Data Collection Format: 360° Cameras
To support high-fidelity reconstruction and robust SLAM, we use a monocular 360° camera for outdoor data collection. Unlike traditional narrow field-of-view cameras (Handheld devices) which require careful path planning to ensure sufficient coverage, 360° cameras capture the entire surrounding scene in every frame. This dramatically reduces blind spots and eliminates the need for complex multi-pass recordings, making them ideal for unstructured outdoor environments.
In the context of Gaussian Splatting, where reconstruction quality depends heavily on view diversity and scene coverage, 360° imagery offers dense multi-view supervision from a single trajectory. For SLAM, the panoramic input significantly improves feature persistence and loop closure detection, especially in textureless or repetitive regions. The result is a more efficient and robust pipeline, with fewer artifacts due to occlusions, missing views, or tracking drift.
As part of our pipeline, users are free to walk naturally through a scene without following strict paths or capture protocols. Running SLAM directly on 360° video enables reliable feature tracking even in narrow corridors or low-texture regions, resulting in improved robustness and trajectory accuracy.
Since the current implementation runs offline, our pipeline supports any 360° video (equirectangular or dual-fisheye formats), making it compatible with a wide range of commercially available cameras. Furthermore, handheld devices with pinhole cameras can be used to record and bolster under-constrained regions.
1. Preprocessing: SLAM
A core requirement for Gaussian Splatting is access to precise camera poses for each image. We begin with a SLAM-based preprocessing stage that outputs both trajectory and geometric structure.
Input:
- 360° monocular video (equirectangular or dual-fisheye)
Output:
- Sparse point cloud from feature-based SLAM
- Dense point cloud reconstructed via PatchMatch Stereo
- Estimated camera poses for all extracted frames
- 6-perspective cubemap faces per 360° frame
Details of this stage are provided in the OpenVSLAM section, which outlines the mapping, tracking, and optimization procedures used.
2. Postprocessing: Gaussian Splatting
After preprocessing, the cubemap views are passed into our Gaussian Splatting pipeline for 3D scene reconstruction.

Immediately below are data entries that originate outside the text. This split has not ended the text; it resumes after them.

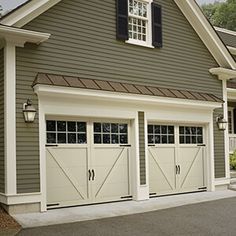 a house with two garage doors and windows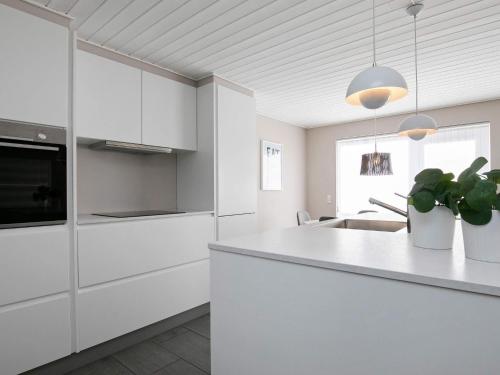 Una cocina con gabinetes blancos y una encimera blanca. en 8 person holiday home on a holiday park in Løkken, en Løkken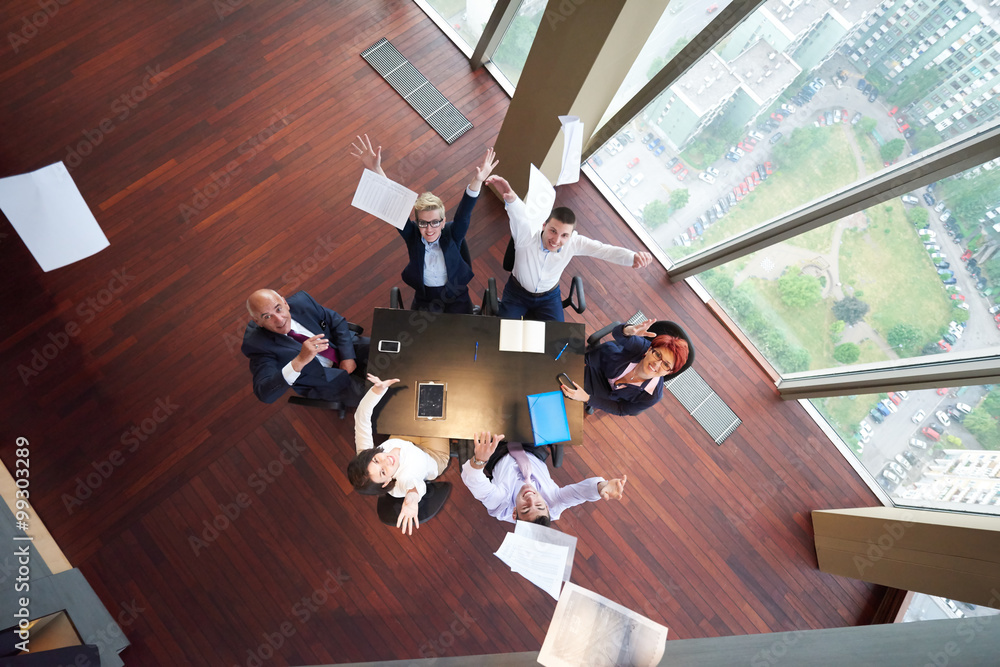 top view of business people group throwing dociments in air top view of business people group throwing dociments in air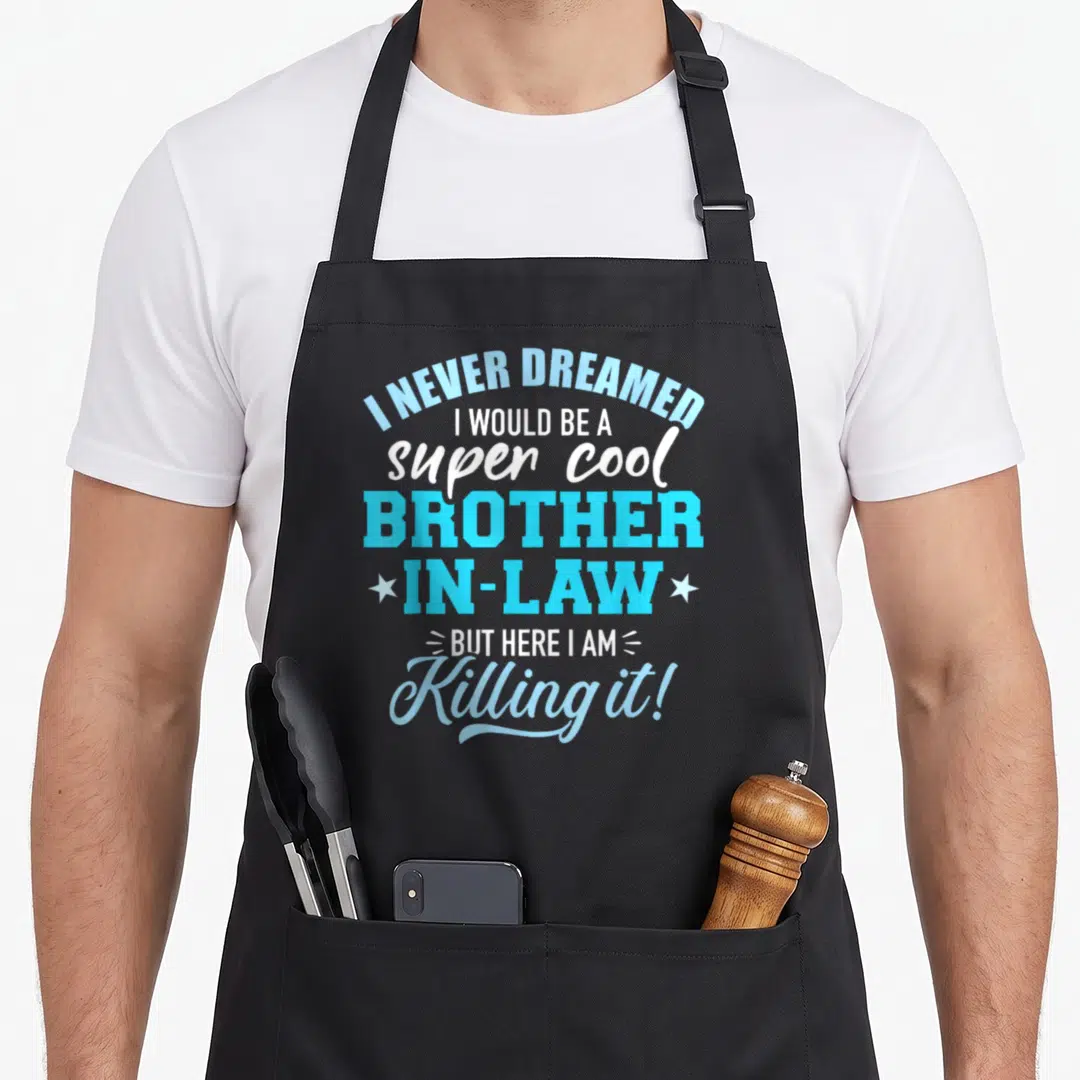 Dreamed law humor apron - Stacked blue and white typography saying I Never Dreamed I Would Be A Super Cool Brother — shown on a black cotton canvas apron against a white background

Outdoor data, captured under natural lighting, often contains significant photometric variation, which poses challenges for models trained with photometric consistency losses.
To address this, we adopt a lighting-aware variant of Gaussian Splatting that includes:
- Per-Gaussian neural color features
- Per-image appearance embeddings
- A spherical harmonics-based background model to account for global lighting variation and sky/background consistency
This enhanced formulation improves robustness to environmental changes and enables photorealistic reconstructions from real-world, unconstrained imagery.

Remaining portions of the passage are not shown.